Aim of the exercise |
Retype, exactly and with nothing added, the lines from the one showing "Comfort Inn Columbia" through the final line of the material. Omit pictures.

____________

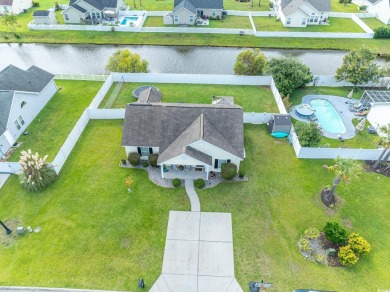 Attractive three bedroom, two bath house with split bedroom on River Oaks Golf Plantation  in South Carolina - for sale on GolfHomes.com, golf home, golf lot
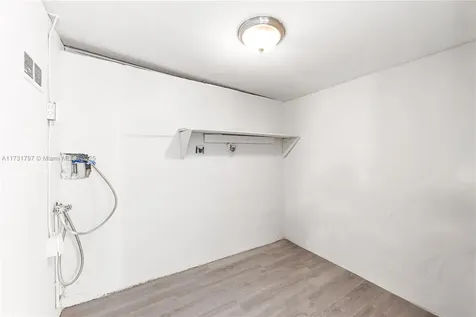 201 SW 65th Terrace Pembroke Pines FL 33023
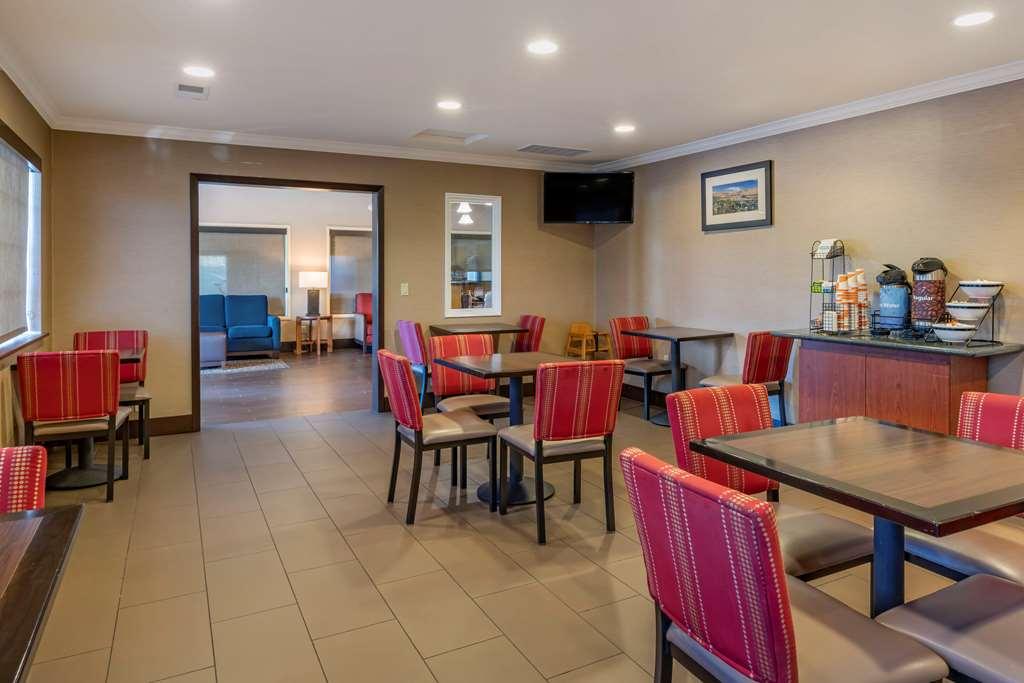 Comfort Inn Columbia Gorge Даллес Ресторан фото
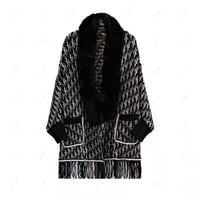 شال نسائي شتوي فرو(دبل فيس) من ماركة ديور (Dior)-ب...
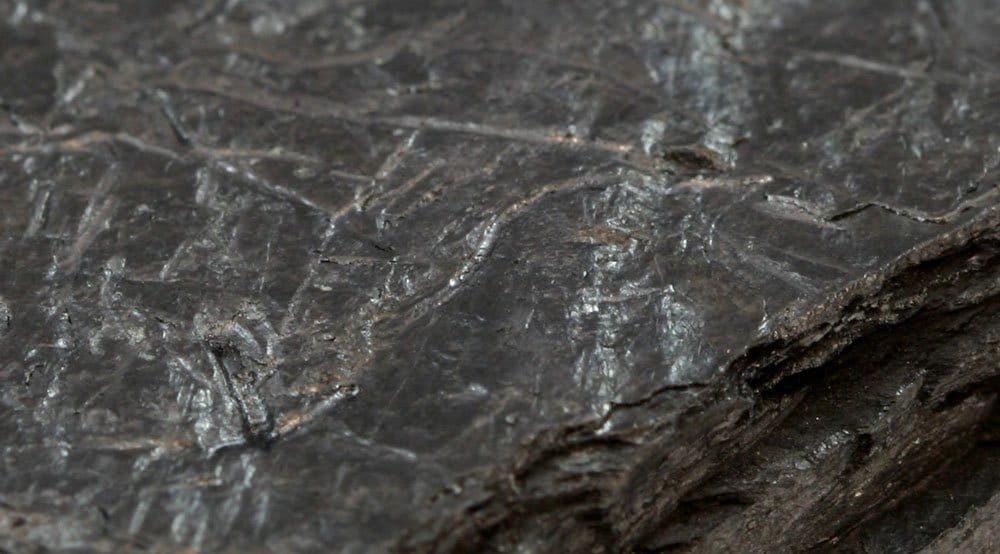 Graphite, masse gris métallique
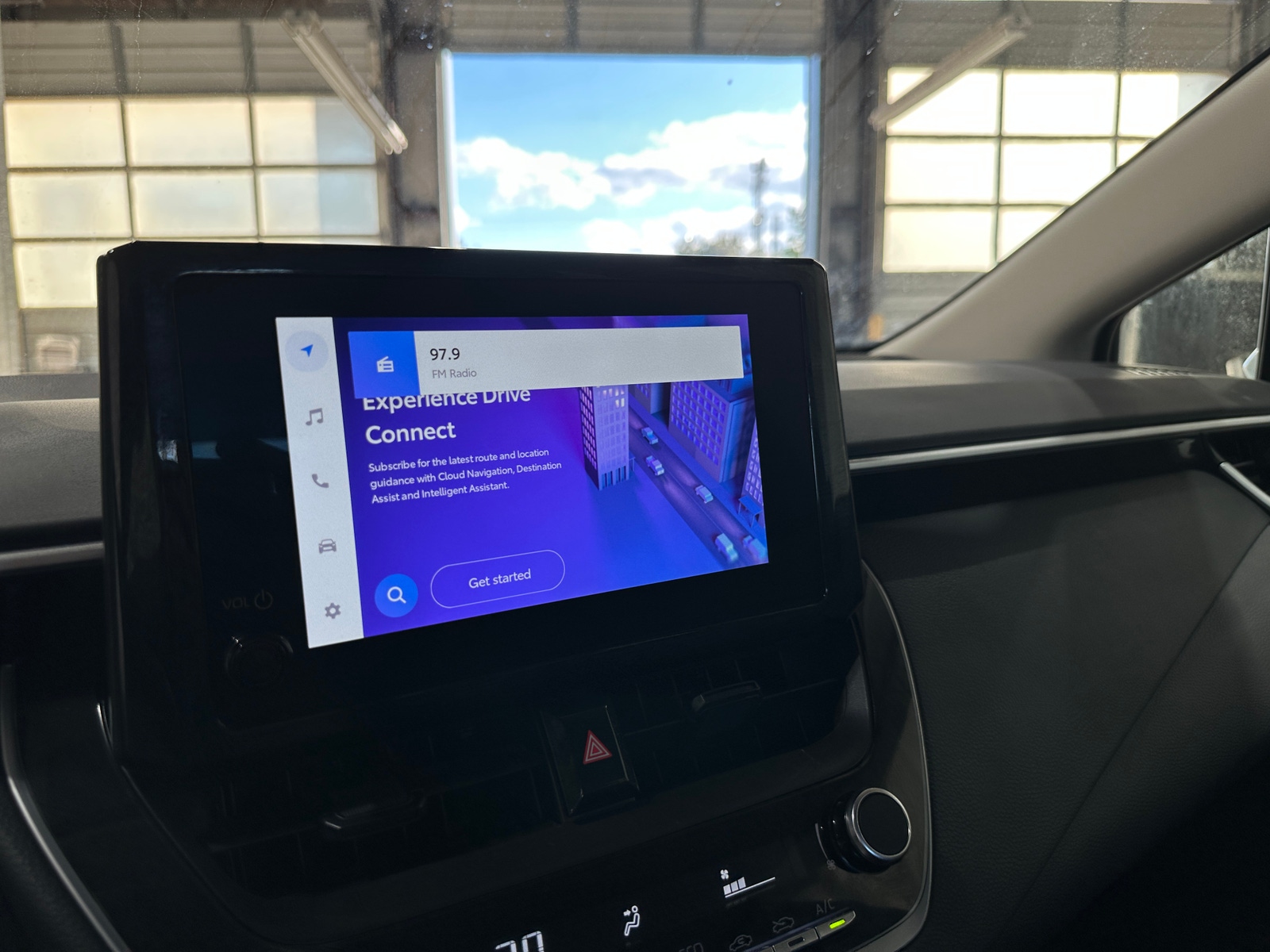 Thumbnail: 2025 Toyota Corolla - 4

____________

Answer to the exercise |
 Comfort Inn Columbia Gorge Даллес Ресторан фото
 شال نسائي شتوي فرو(دبل فيس) من ماركة ديور (Dior)-ب...
 Graphite, masse gris métallique
 Thumbnail: 2025 Toyota Corolla - 4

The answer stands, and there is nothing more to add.